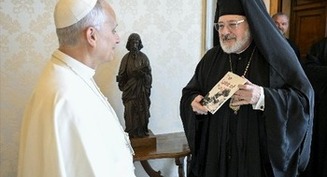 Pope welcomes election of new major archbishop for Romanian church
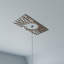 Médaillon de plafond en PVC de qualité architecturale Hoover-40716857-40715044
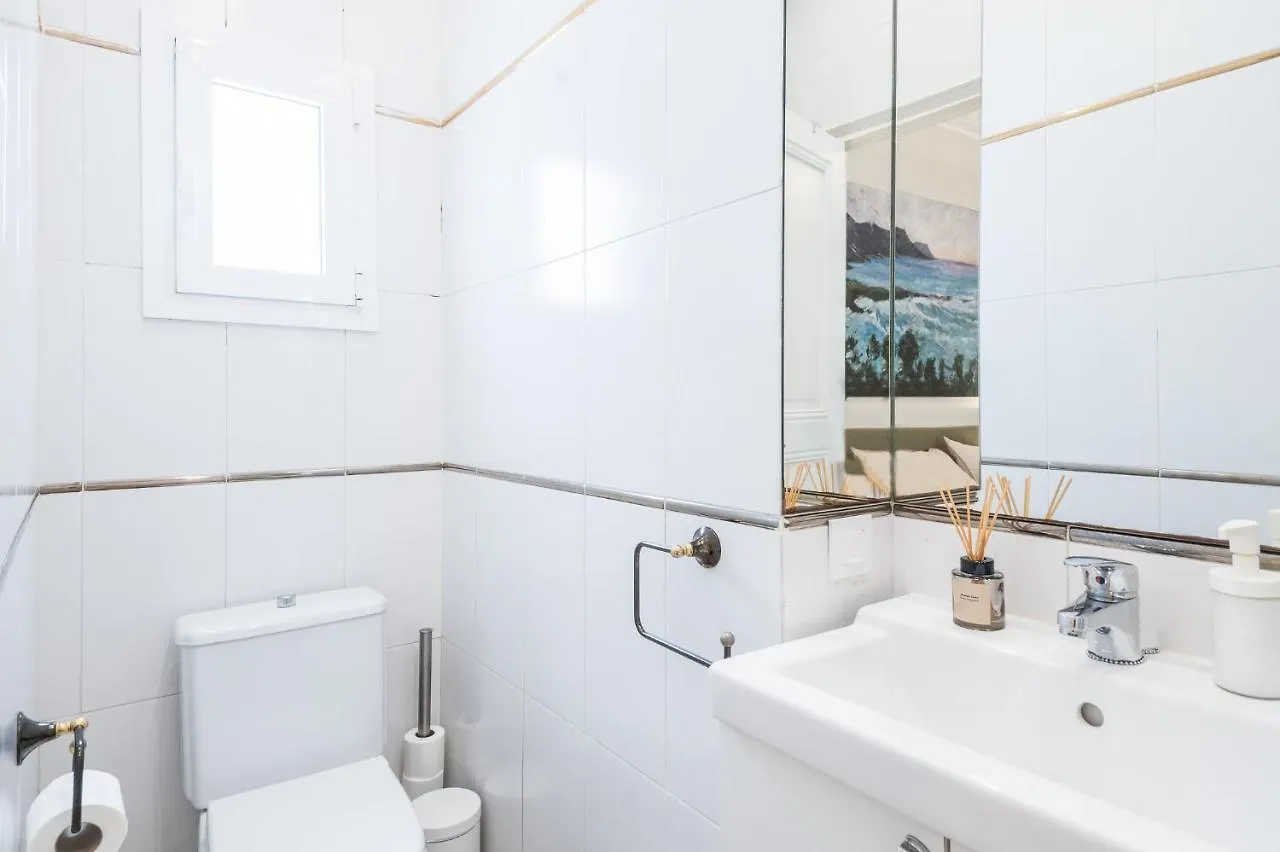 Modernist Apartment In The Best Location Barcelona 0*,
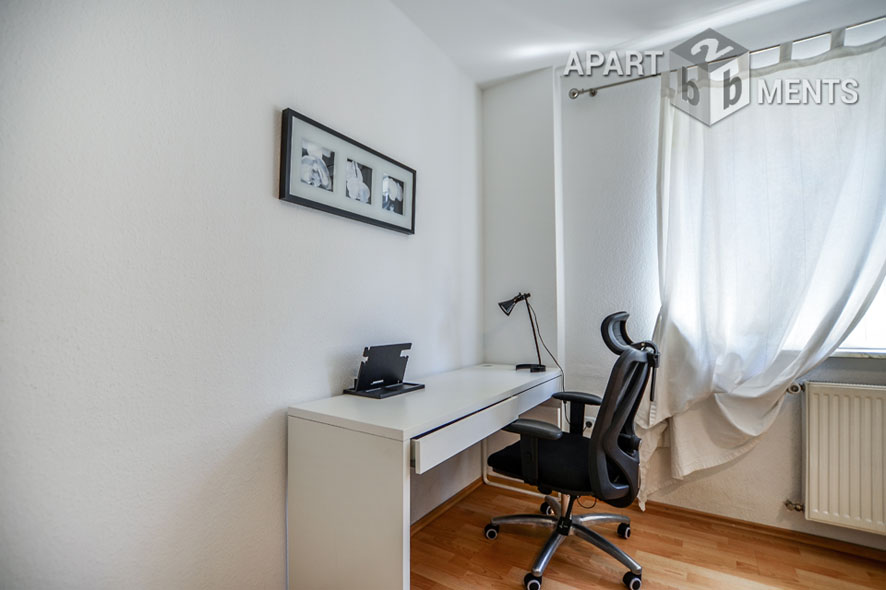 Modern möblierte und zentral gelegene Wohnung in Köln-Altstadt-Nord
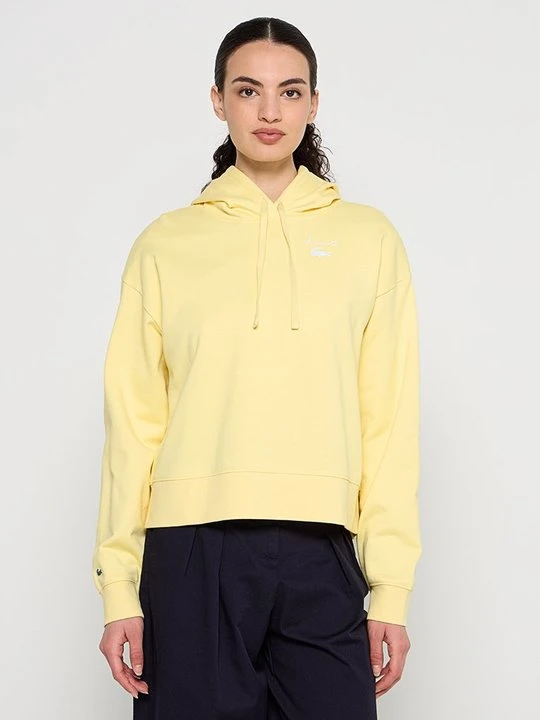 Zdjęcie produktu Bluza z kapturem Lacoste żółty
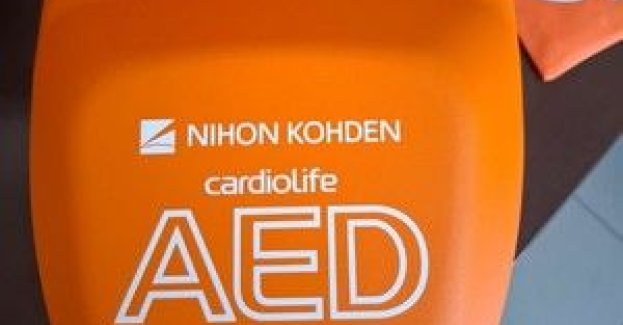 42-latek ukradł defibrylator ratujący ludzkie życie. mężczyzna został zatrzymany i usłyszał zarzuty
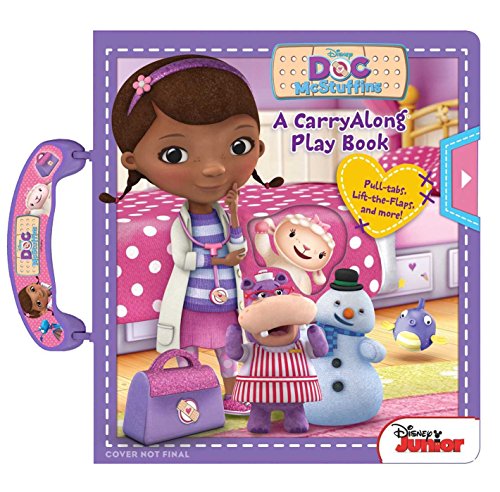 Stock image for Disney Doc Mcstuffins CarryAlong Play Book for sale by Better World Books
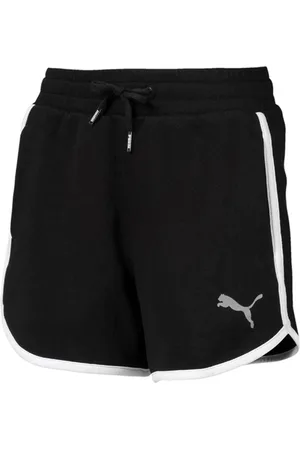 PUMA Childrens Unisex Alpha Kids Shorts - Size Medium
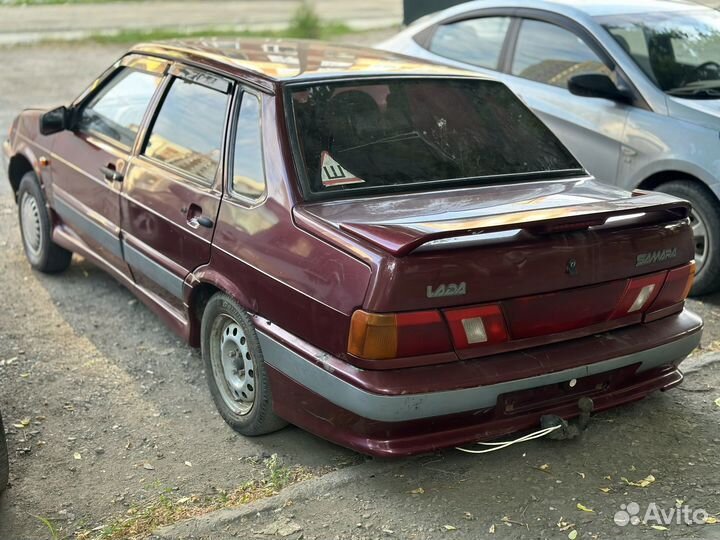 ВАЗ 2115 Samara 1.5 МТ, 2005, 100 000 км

Aim of the exercise: Write out exactly the lines from the line containing "Médaillon de plafond" through the last line of the listing above, please, and leave out any pictures.

Answer to this exercise:
 Médaillon de plafond en PVC de qualité architecturale Hoover-40716857-40715044
 Modernist Apartment In The Best Location Barcelona 0*,
 Modern möblierte und zentral gelegene Wohnung in Köln-Altstadt-Nord
 Zdjęcie produktu Bluza z kapturem Lacoste żółty
 42-latek ukradł defibrylator ratujący ludzkie życie. mężczyzna został zatrzymany i usłyszał zarzuty
 Stock image for Disney Doc Mcstuffins CarryAlong Play Book for sale by Better World Books
 PUMA Childrens Unisex Alpha Kids Shorts - Size Medium
 ВАЗ 2115 Samara 1.5 МТ, 2005, 100 000 км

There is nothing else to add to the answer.